[Brief descriptive captions]
________________________________________

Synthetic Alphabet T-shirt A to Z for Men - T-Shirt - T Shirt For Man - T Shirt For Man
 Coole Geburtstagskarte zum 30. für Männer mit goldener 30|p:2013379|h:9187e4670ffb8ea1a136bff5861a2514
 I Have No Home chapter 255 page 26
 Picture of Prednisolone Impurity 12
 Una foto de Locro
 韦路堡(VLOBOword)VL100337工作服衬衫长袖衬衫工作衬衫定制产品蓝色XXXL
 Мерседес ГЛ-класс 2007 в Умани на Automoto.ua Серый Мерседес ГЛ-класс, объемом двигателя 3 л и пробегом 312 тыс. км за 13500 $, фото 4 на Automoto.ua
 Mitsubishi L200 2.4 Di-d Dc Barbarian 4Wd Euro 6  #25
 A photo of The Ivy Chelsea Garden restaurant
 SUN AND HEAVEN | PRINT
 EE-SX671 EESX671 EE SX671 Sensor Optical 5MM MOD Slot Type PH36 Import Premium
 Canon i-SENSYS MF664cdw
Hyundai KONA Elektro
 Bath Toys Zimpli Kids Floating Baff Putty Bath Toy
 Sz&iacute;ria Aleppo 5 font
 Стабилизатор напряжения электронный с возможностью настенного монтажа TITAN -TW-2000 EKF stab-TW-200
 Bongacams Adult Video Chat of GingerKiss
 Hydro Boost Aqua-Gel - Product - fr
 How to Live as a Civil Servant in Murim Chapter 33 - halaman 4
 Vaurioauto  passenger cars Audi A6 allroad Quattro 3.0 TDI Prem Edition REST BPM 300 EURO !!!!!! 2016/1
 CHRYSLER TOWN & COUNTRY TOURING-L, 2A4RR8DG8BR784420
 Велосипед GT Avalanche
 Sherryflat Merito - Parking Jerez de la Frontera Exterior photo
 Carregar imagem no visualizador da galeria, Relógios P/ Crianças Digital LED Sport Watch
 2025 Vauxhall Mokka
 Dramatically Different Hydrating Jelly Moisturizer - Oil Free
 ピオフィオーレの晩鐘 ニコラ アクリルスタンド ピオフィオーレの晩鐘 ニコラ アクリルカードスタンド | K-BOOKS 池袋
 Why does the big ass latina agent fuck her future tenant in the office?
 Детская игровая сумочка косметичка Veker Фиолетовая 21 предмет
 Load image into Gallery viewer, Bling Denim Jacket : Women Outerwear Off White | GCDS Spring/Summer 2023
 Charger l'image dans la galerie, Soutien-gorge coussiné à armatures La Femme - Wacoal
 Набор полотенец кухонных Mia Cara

________________________________________

Set down, unchanged, only those lines above that fall between the line with "Picture of Prednisolone Impurity 12" and the line with "Детская игровая сумочка", the two end lines included.

 Picture of Prednisolone Impurity 12
 Una foto de Locro
 韦路堡(VLOBOword)VL100337工作服衬衫长袖衬衫工作衬衫定制产品蓝色XXXL
 Мерседес ГЛ-класс 2007 в Умани на Automoto.ua Серый Мерседес ГЛ-класс, объемом двигателя 3 л и пробегом 312 тыс. км за 13500 $, фото 4 на Automoto.ua
 Mitsubishi L200 2.4 Di-d Dc Barbarian 4Wd Euro 6  #25
 A photo of The Ivy Chelsea Garden restaurant
 SUN AND HEAVEN | PRINT
 EE-SX671 EESX671 EE SX671 Sensor Optical 5MM MOD Slot Type PH36 Import Premium
 Canon i-SENSYS MF664cdw
Hyundai KONA Elektro
 Bath Toys Zimpli Kids Floating Baff Putty Bath Toy
 Sz&iacute;ria Aleppo 5 font
 Стабилизатор напряжения электронный с возможностью настенного монтажа TITAN -TW-2000 EKF stab-TW-200
 Bongacams Adult Video Chat of GingerKiss
 Hydro Boost Aqua-Gel - Product - fr
 How to Live as a Civil Servant in Murim Chapter 33 - halaman 4
 Vaurioauto  passenger cars Audi A6 allroad Quattro 3.0 TDI Prem Edition REST BPM 300 EURO !!!!!! 2016/1
 CHRYSLER TOWN & COUNTRY TOURING-L, 2A4RR8DG8BR784420
 Велосипед GT Avalanche
 Sherryflat Merito - Parking Jerez de la Frontera Exterior photo
 Carregar imagem no visualizador da galeria, Relógios P/ Crianças Digital LED Sport Watch
 2025 Vauxhall Mokka
 Dramatically Different Hydrating Jelly Moisturizer - Oil Free
 ピオフィオーレの晩鐘 ニコラ アクリルスタンド ピオフィオーレの晩鐘 ニコラ アクリルカードスタンド | K-BOOKS 池袋
 Why does the big ass latina agent fuck her future tenant in the office?
 Детская игровая сумочка косметичка Veker Фиолетовая 21 предмет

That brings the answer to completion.